The Subtle Racism of Low Expectations
During one of the more memorable The Simpsons episodes, Bart Simpson is placed in a Special Ed class due to his continuous slacking on schoolwork. Being the bright yet defiant young man he was written to be, he sarcastically states, “So, I supposed to catch up to the rest of my class by going slower than them?” This paradox is the crux of the digital divide and the racial achievement gap.
In Moonwalking with Einstein: The Art and Science of Remembering Everything, Joshua Foer coins the phrase “the Okay Plateau.” The Okay Plateau explains that what was once assumed as the limits of our natural ability is actually our human tendency to only improve until we think that we have improved enough to reach a comfortable level of success.
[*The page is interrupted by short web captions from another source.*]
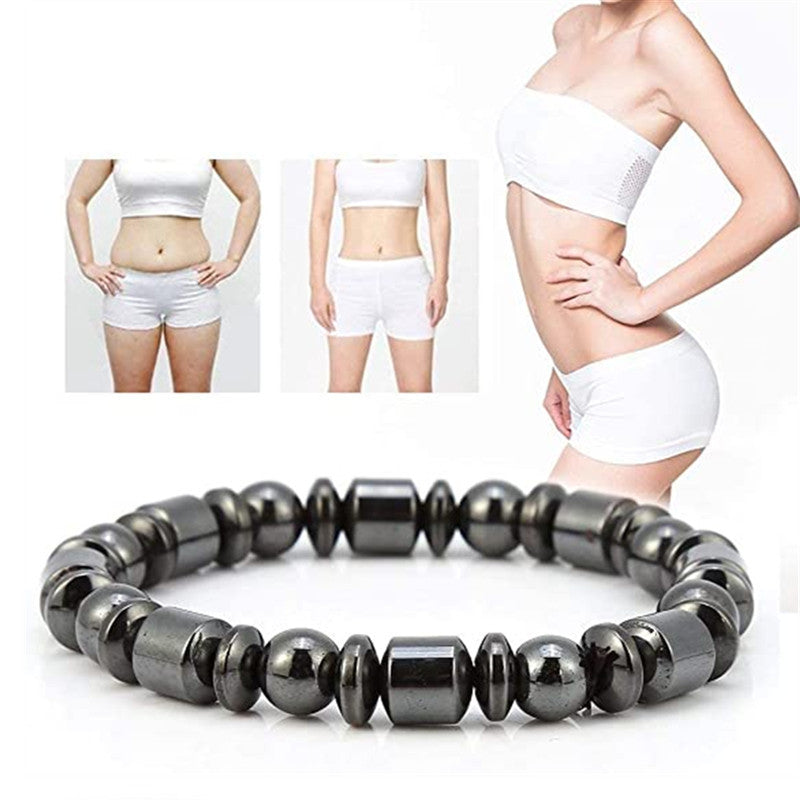 Bracelets magnétiques minceur pour femmes et hommes, pierre pentagramme, bracelets de magnétothérapie pour soulager la douleur et affiner la silhouette, bijoux de santé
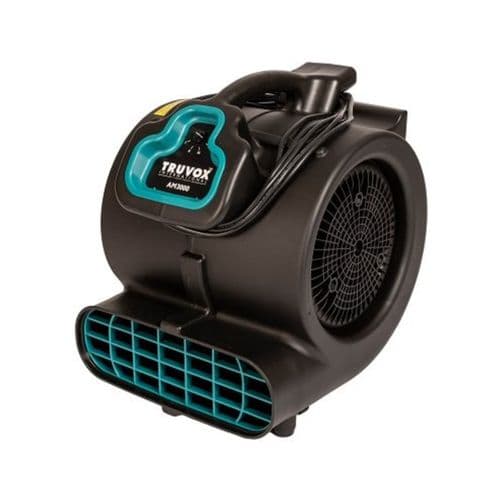 Truvox AM3000 Portable Blower 3 Speed Polyethylene Fan Floor Dryer 2600 m³/h 100-240/50-60Hz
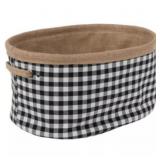 New Stanley Storage Basket Black & White Buffalo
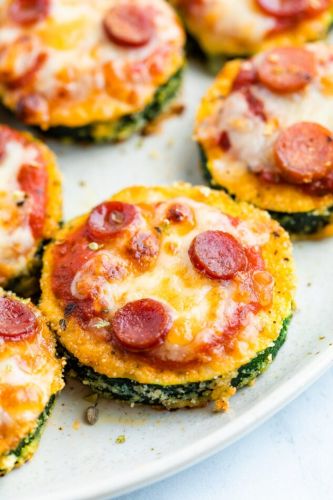 Zucchini Pizza Bites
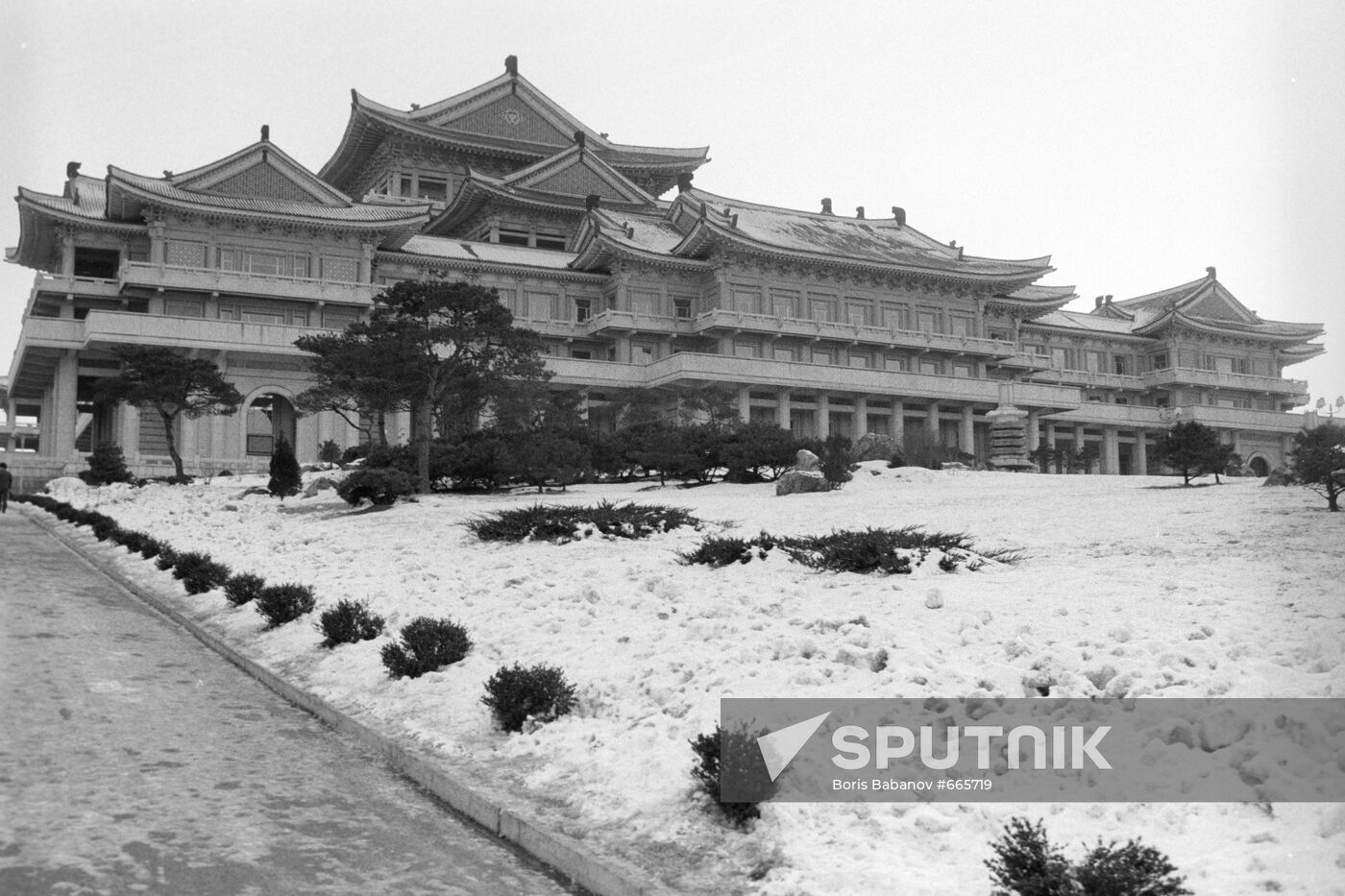 Grand People`s Study House in Pyongyang
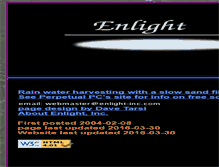 Tablet Screenshot of enlight-inc.com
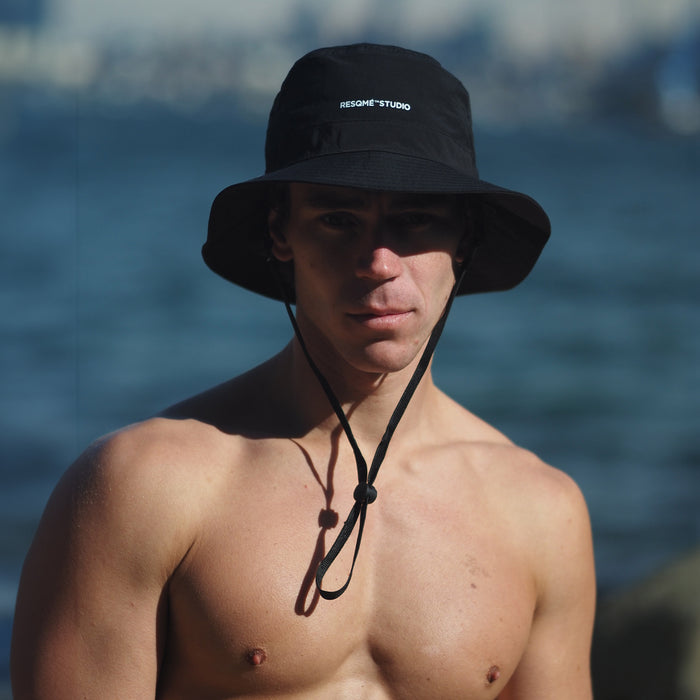 BUCKET HAT BLACK - RESQME STUDIO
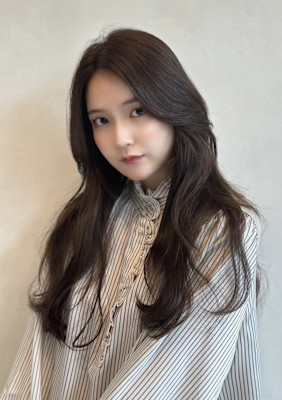 波巻き韓国ヘア
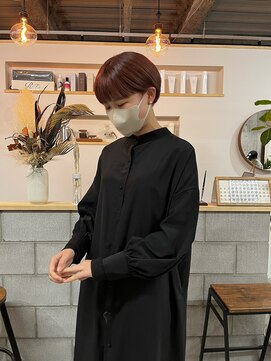 空 ハンサムショート_ピンクブラウン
This being said, if the expectation of success is lower for poor inner-city children than their middle-class suburban neighbors, their Okay Plateau will be lower, thereby making them seem somehow intellectually inferior.
How do we fix this?
Anyone who has been in a competition of any sort already has the knowledge to exceed the Okay Plateau. The job of every coach/trainer is to slowly increase the difficulty of practice in order to produce higher performance levels from their players. Moreover, every athlete, martial artist and chess champion knows that when they compete against other great players, their skills improve beyond their own perceived limits. Simple isn’t it?
As mentioned in bestselling book Outliers: The Story of Success by Malcolm Gladwell, the exposure to quality training greatly influenced the success of our most revered “geniuses.” Mr. Gladwell gives example after example of how the current titans of industry became so by being exposed to more quality and consistent practice in their given field than the rest of us.
It may be easier to use race, gender or socioeconomic factors as indicators of success due to the pretty graphs these statistics often lend themselves to, but it is more likely that dedication, environment, and exposure to rigorous resources (like those found in a public library) are the keys to success and the ultimate cincher of achievement gaps.